EXERCISE GOAL - Would you write out the listing verbatim and skip every picture in it?

DATA SHOWN -
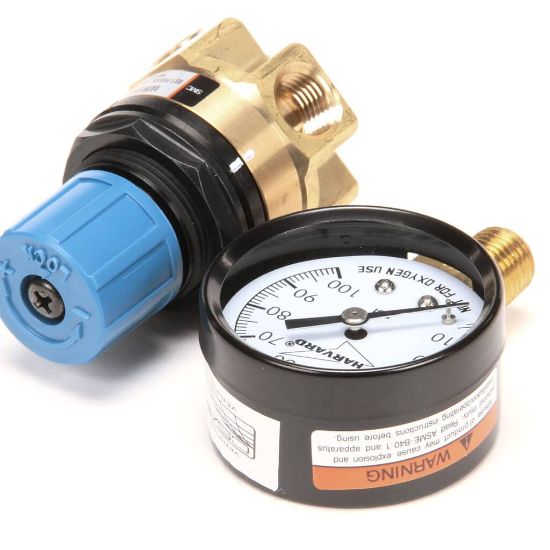 Picture of Blodgett 51128 Water Regulator Assy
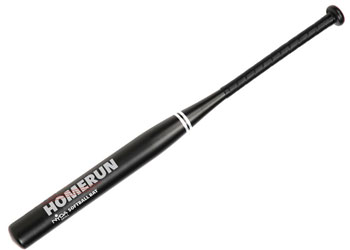 NYDA Homerun Softball Bat Primary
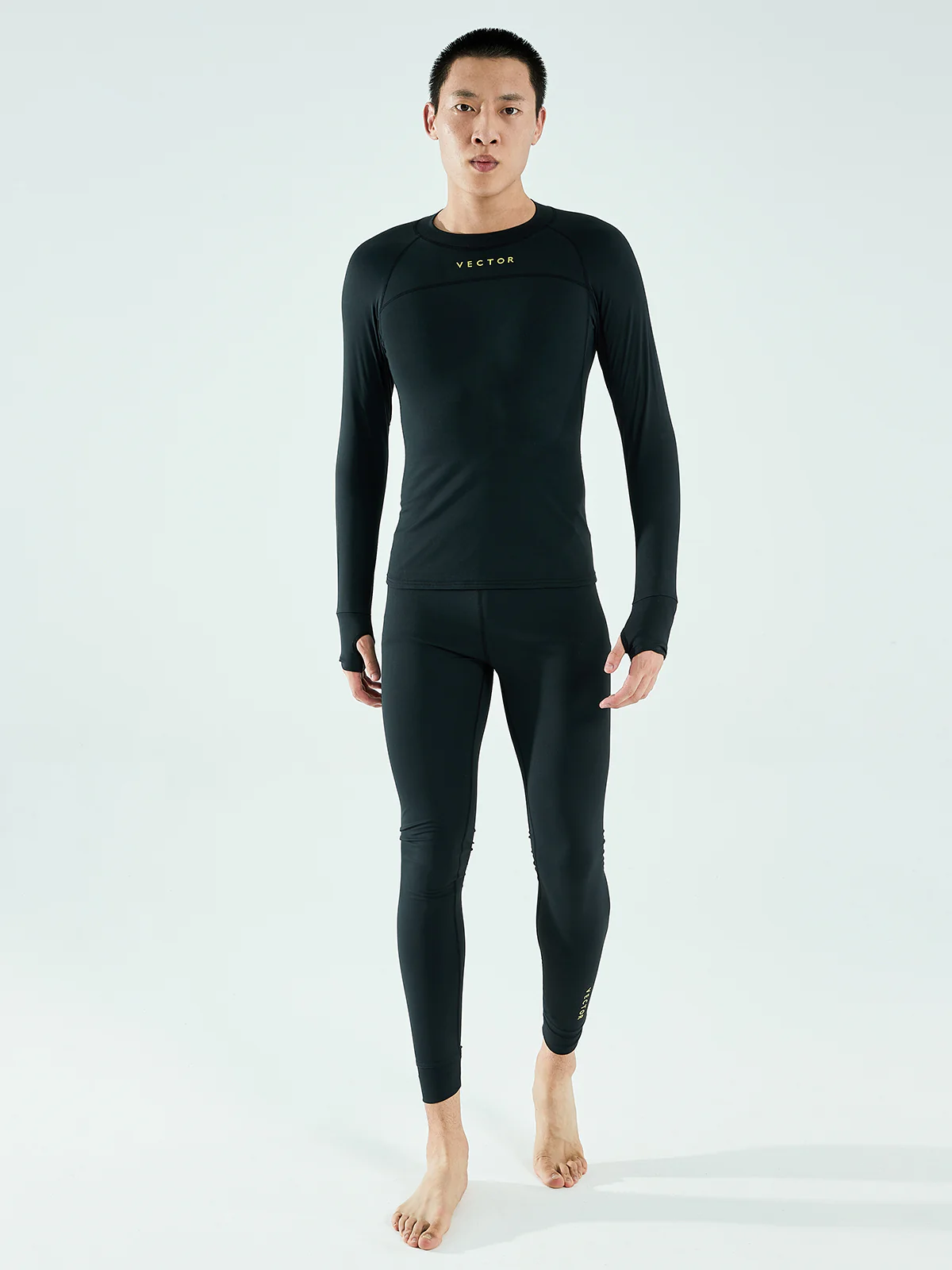 Men's Classic Base Layer Set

OUTPUT OF THE TASK -
 Picture of Blodgett 51128 Water Regulator Assy
 NYDA Homerun Softball Bat Primary
 Men's Classic Base Layer Set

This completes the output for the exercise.